One example are the laborers in the Dutta plant in Calcutta. Sitting amid piles of umbrella ribs and brass parts on the floor in a three-story factory off the famous College Street here, many are employed only for the big assembly of umbrellas that takes place from January to May - prior to the monsoons. For the rest of the year, they may be locksmiths or rickshaw drivers, or unemployed.
Kali Dutta, the great-grandson of Mahendra Dutta, and the current director of Mahendra Dutta umbrellas, says that if India does not reverse its position on tariffs, he will close his factories.
"After more than a hundred years, we are going to move from umbrella manufacturing to umbrella sales," says the affable Bengali in his office on College Street.
"I don't need to worry. I will be OK. My office and staff, my sales team, will all survive," he continues. "But the factories will slowly close, and the laborers will be put out of work. And don't forget, the Indian buyer will be getting a cheaper umbrella for their money. Is this what we want?"

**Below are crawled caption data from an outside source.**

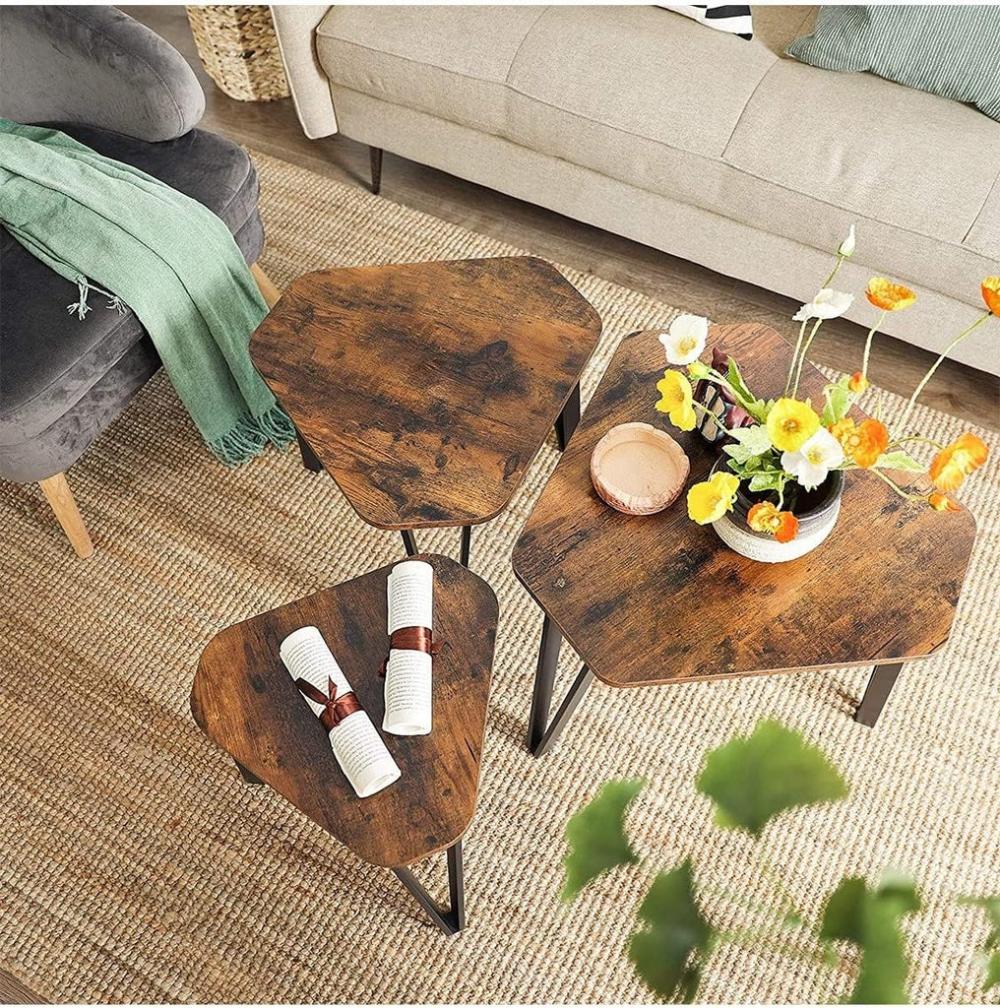 Nesting Coffee Table Set of 3 - Rustic Brown and Black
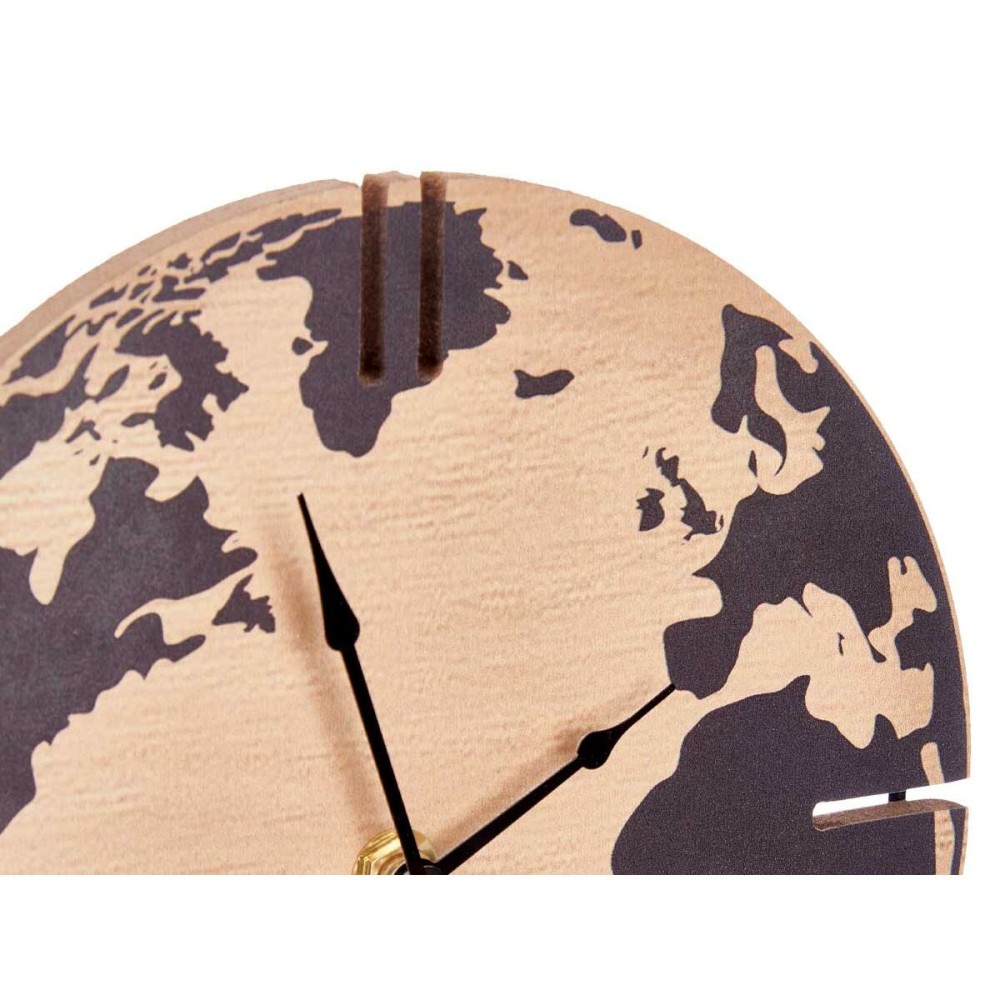 Table clock World Map Black Metal MDF Wood 22,5 x 30,5 x 12 cm (6 Units)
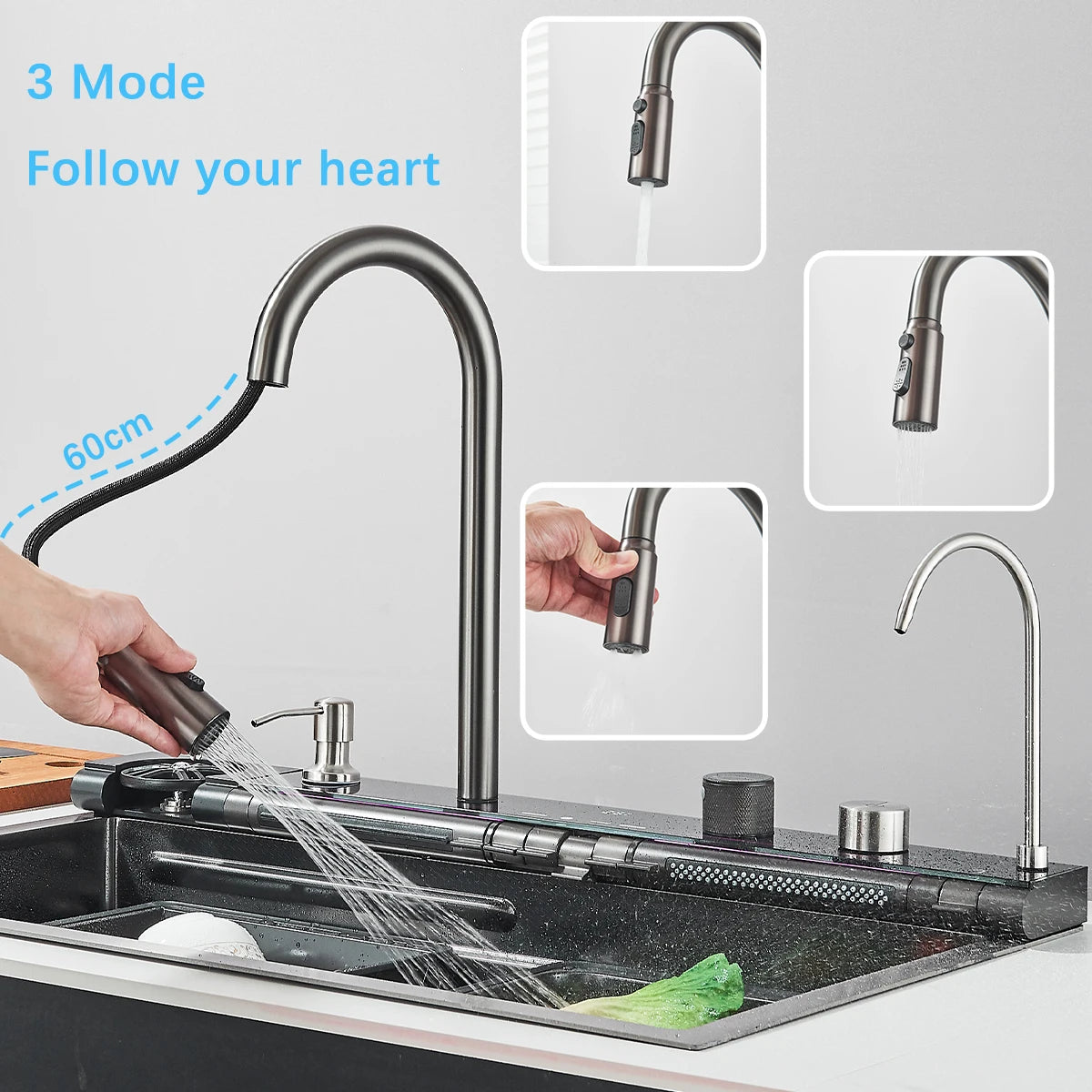 Évier cascade gris avec écran et robinet d'eau filtrée, détail 1 : accessoires, finition ou dimensions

In Mr. Dutta's estimation, the chief enemy of the sturdy Dutta umbrella are the flimsy two fold and three fold "topless" umbrellas coming from China.
"These are bad umbrellas that are being sold on our streets - and they are being bought by Indians who don't yet realize they can't afford a new umbrella every year," says Dutta. "I have been approached by manufacturers from abroad who will make all my umbrellas by machine, and put the family label on them. All I have to do is stick on a price tag."
The Kolkata Chata Vayvsayee Association, a collection of outraged umbrella-makers in Bengal, held a press conference on May 23 to "protest against the shameful submission of the Central Government of India by the dictate of the WTO as regards withdrawal of protection to small-scale industries." The KCVA claims that 60 percent of Indian workers are part of this sector, though that figure is in dispute. It claims that 1.5 million umbrella workers India-wide will be unemployed, though that figure may be exaggerated.
"Even if it is 100,000 in Calcutta - that's going to hurt," says Prof. Khanna.
In Delhi, economists debate whether the new economy and WTO accession is going to "lift all boats," as one school has it. Or whether the small scale farmers and urban laborers are going to be losers in the long run. That debate interlinks with education. Which is another story.